» **AIM OF THE EXERCISE**
In the records below, find the line containing "adidas leistung 16 ii black gold" and return it together with every later line, exactly as written; pictures are to be omitted.

» **Source data**
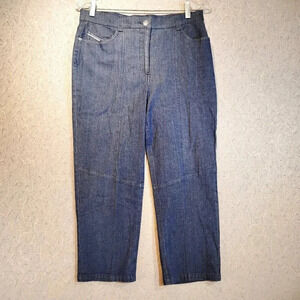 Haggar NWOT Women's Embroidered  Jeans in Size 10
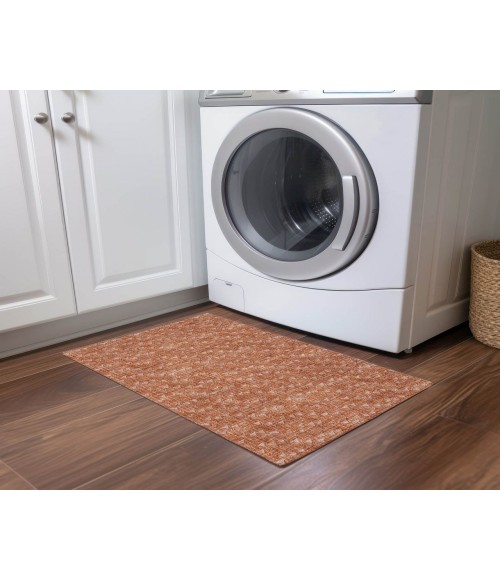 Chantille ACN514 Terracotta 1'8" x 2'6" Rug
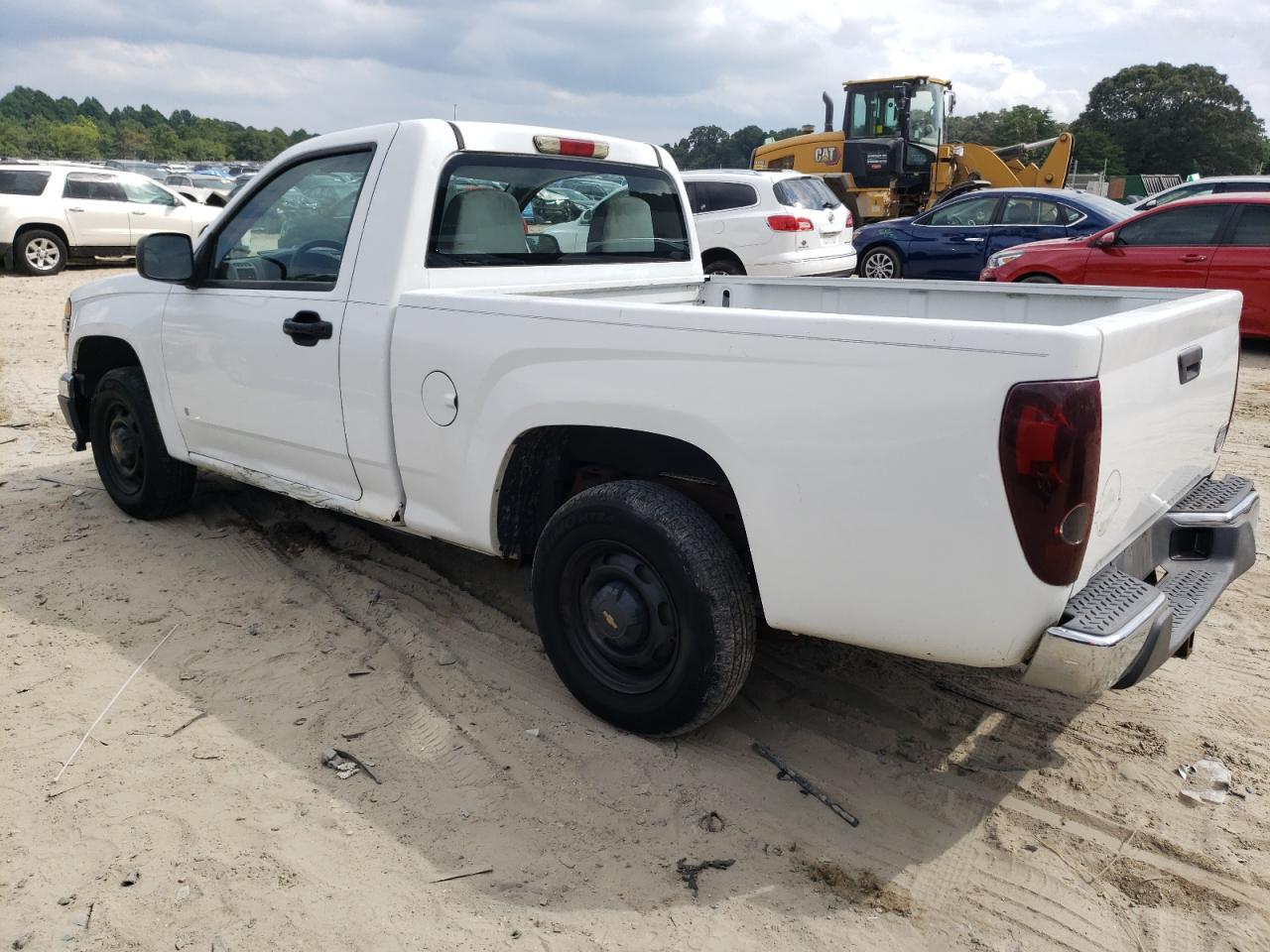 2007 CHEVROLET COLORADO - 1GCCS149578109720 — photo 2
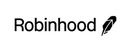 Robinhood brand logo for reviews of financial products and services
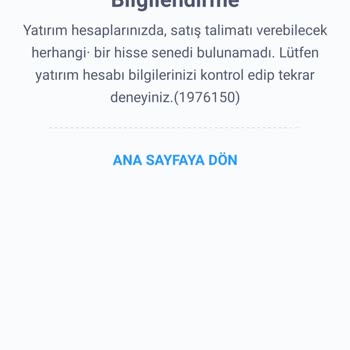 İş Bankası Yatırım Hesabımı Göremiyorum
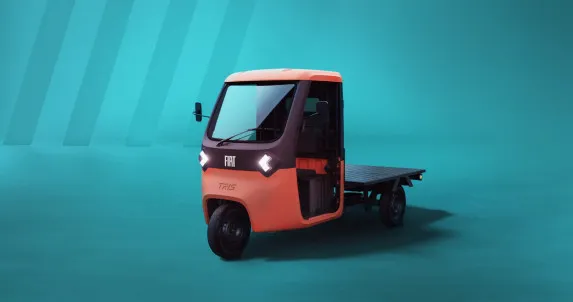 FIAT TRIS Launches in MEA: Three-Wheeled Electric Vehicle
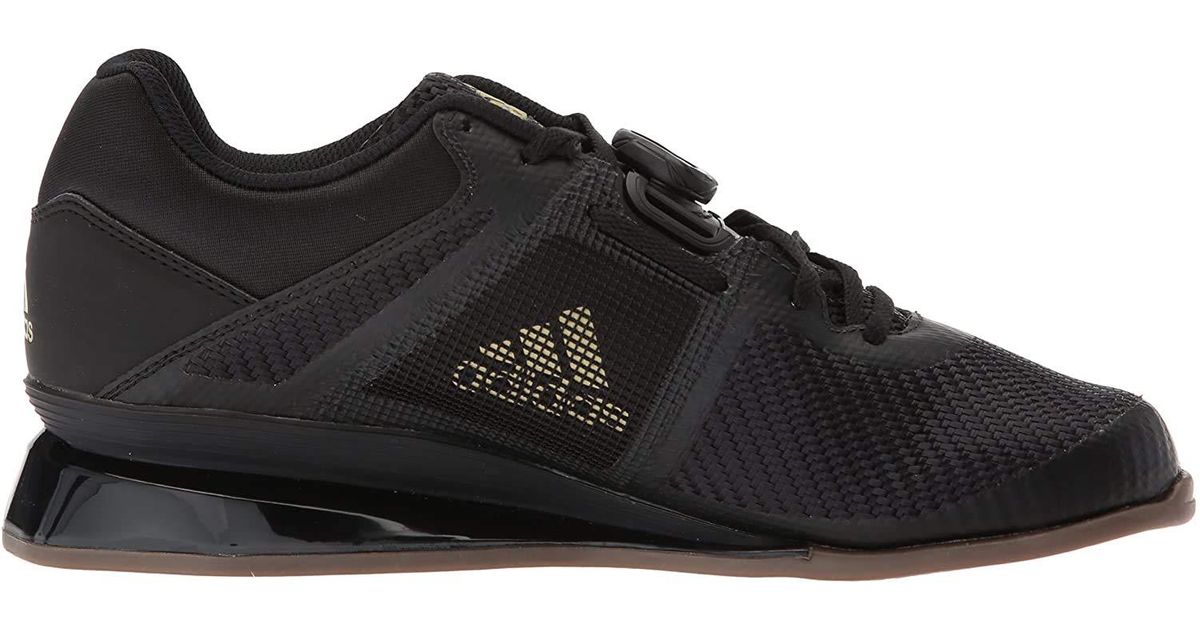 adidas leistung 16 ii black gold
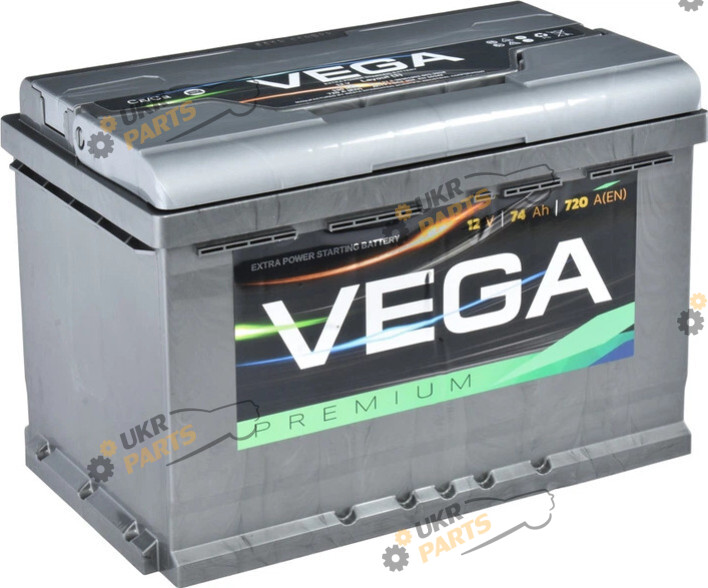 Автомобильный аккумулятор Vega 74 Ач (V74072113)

» **RESULT FOR THIS EXERCISE**
 adidas leistung 16 ii black gold
 Автомобильный аккумулятор Vega 74 Ач (V74072113)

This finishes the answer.